After finding the line that contains "周慧敏罕见复古性感写真遭到曝光，原来不止有清纯女神的一面" in the entries below, retype it and every following line precisely, the last included.

╭──

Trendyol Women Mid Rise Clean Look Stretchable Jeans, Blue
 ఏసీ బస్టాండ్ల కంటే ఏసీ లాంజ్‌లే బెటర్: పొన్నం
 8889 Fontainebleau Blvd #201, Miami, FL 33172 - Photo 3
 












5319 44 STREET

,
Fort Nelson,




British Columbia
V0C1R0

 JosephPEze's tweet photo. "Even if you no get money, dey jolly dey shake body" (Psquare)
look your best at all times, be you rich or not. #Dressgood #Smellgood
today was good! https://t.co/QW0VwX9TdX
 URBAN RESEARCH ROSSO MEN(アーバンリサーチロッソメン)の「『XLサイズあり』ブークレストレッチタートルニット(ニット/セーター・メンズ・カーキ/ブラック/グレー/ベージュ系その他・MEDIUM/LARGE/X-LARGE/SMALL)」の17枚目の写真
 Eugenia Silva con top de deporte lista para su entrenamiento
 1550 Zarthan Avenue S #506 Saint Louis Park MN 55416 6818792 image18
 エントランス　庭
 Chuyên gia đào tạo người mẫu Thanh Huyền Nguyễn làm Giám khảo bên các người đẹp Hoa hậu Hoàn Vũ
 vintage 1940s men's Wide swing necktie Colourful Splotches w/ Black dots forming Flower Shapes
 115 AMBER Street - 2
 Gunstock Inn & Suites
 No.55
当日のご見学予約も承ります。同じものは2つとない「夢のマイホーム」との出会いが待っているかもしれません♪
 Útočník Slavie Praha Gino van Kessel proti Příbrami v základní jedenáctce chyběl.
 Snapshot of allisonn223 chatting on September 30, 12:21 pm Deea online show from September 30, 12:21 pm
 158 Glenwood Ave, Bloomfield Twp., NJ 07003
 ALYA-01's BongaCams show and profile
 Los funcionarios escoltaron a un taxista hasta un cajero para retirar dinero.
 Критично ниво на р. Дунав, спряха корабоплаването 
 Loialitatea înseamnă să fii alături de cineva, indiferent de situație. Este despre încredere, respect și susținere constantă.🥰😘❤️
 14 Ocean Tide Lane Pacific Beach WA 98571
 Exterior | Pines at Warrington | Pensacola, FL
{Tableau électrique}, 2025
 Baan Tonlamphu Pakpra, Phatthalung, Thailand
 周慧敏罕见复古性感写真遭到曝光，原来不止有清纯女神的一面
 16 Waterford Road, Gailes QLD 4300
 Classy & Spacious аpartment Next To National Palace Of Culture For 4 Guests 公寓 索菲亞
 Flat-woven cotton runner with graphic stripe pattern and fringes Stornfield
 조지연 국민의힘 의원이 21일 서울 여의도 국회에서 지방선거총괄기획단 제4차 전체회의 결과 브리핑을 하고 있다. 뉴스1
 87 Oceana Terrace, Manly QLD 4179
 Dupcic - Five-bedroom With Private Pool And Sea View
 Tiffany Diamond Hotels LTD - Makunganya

╰──

Your response ::
 周慧敏罕见复古性感写真遭到曝光，原来不止有清纯女神的一面
 16 Waterford Road, Gailes QLD 4300
 Classy & Spacious аpartment Next To National Palace Of Culture For 4 Guests 公寓 索菲亞
 Flat-woven cotton runner with graphic stripe pattern and fringes Stornfield
 조지연 국민의힘 의원이 21일 서울 여의도 국회에서 지방선거총괄기획단 제4차 전체회의 결과 브리핑을 하고 있다. 뉴스1
 87 Oceana Terrace, Manly QLD 4179
 Dupcic - Five-bedroom With Private Pool And Sea View
 Tiffany Diamond Hotels LTD - Makunganya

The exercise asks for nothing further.